Radiation-Induced Nausea And Vomiting
Total Body Irradiation
In a randomized, double-blind study in 20 patients, ondansetron hydrochloride tablets (8 mg given 1.5
hours before each fraction of radiotherapy for 4 days) were significantly more effective than placebo
in preventing vomiting induced by total body irradiation. Total body irradiation consisted of 11
fractions(120 cGy per fraction) over 4 days for a total of 1,320 cGy. Patients received 3 fractions for 3
days, then 2 fractions on day 4.
Single High-Dose Fraction Radiotherapy
Ondansetron was significantly more effective than metoclopramide with respect to complete control of
emesis (0 emetic episodes) in a double-blind trial in 105 patients receiving single high-dose
radiotherapy (800 to 1,000 cGy) over an anterior or posterior field size of ≥80 cm2 to the abdomen.
Patients received the first dose of ondansetron hydrochloride tablets (8 mg) or metoclopramide (10 mg)
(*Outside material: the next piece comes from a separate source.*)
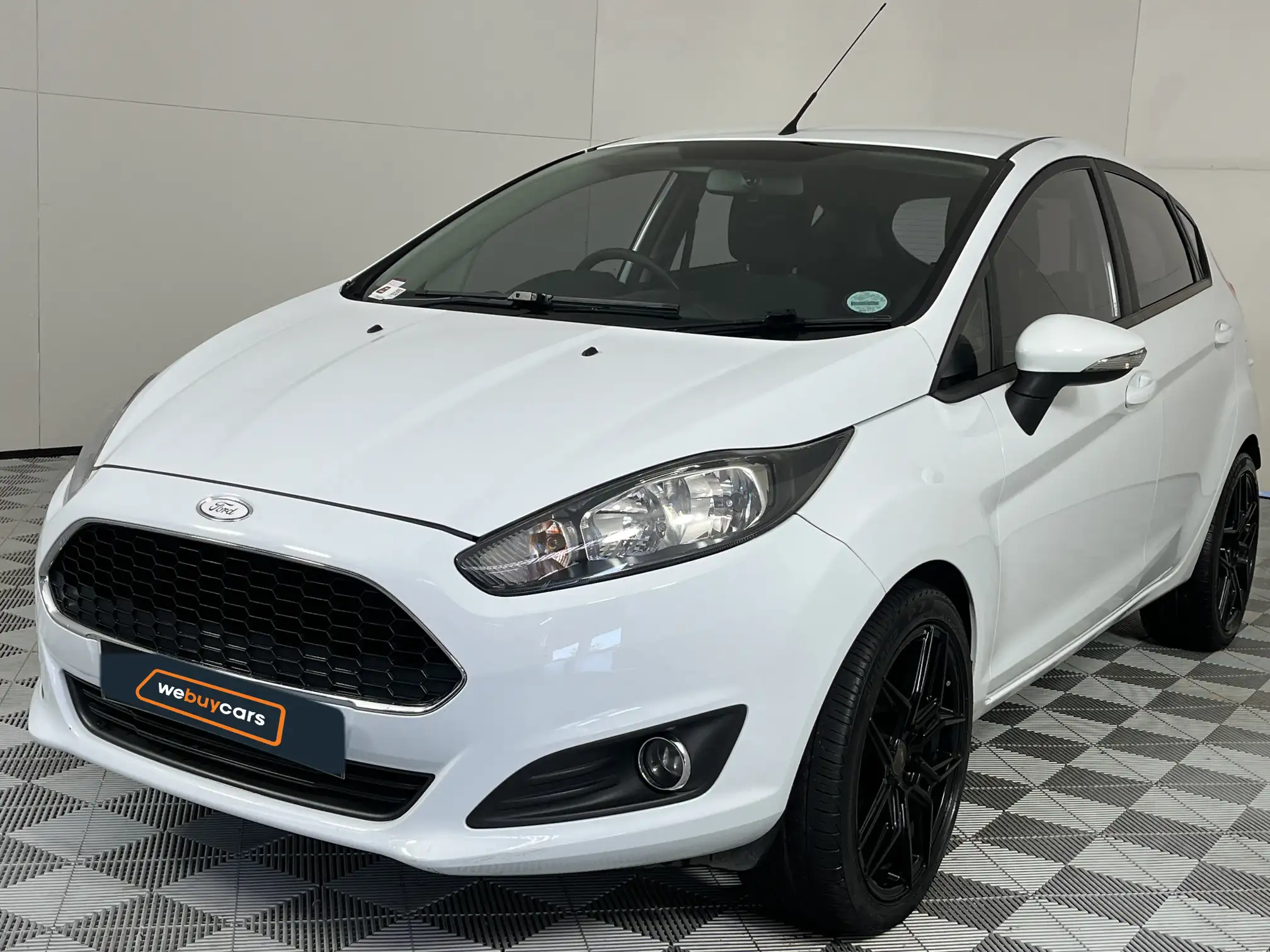 2018 Ford Fiesta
1 to 2 hours before radiotherapy. If radiotherapy was given in the morning, 2 additional doses of study
treatment were given (1 tablet late afternoon and 1 tablet before bedtime). If radiotherapy was given in
the afternoon, patients took only 1 further tablet that day before bedtime. Patients continued the oral
medication on a 3 times a day basis for 3 days.
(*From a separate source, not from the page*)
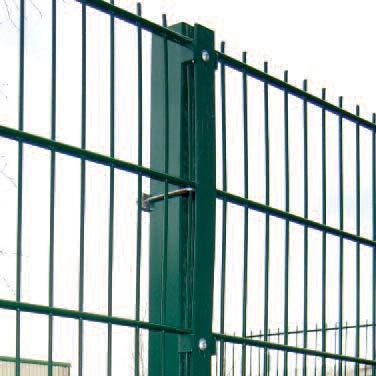 listed and approved security fencing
Daily Fractionated Radiotherapy
Ondansetron was significantly more effective than prochlorperazine with respect to complete control of
emesis (0 emetic episodes) in a double-blind trial in 135 patients receiving a 1- to 4-week course of
fractionated radiotherapy (180 cGy doses) over a field size of ≥100 cm2 to the abdomen. Patients
received the first dose of ondansetron hydrochloride tablets (8 mg) or prochlorperazine (10 mg) 1 to 2
hours before the patient received the first daily radiotherapy fraction, with 2 subsequent doses on a 3
times a day basis. Patients continued the oral medication on a 3 times a day basis on each day of
radiotherapy.
Postoperative Nausea And Vomiting
Surgical patients who received ondansetron 1 hour before the induction of general balanced anesthesia
(barbiturate: thiopental, methohexital, or thiamylal; opioid: alfentanil, sufentanil, morphine, or fentanyl;
nitrous oxide; neuromuscular blockade: succinylcholine/curare or gallamine and/or vecuronium,
pancuronium, or atracurium; and supplemental isoflurane or enflurane) were evaluated in 2 double-blind
studies (1 US study, 1 foreign) involving 865 patients. Ondansetron hydrochloride tablets (16 mg) were
significantly more effective than placebo in preventing postoperative nausea and vomiting.
The study populations in all trials thus far consisted of women undergoing inpatient surgical
procedures. No studies have been performed in males. No controlled clinical study comparing
ondansetron hydrochloride tablets to ondansetron hydrochloride injection has been performed.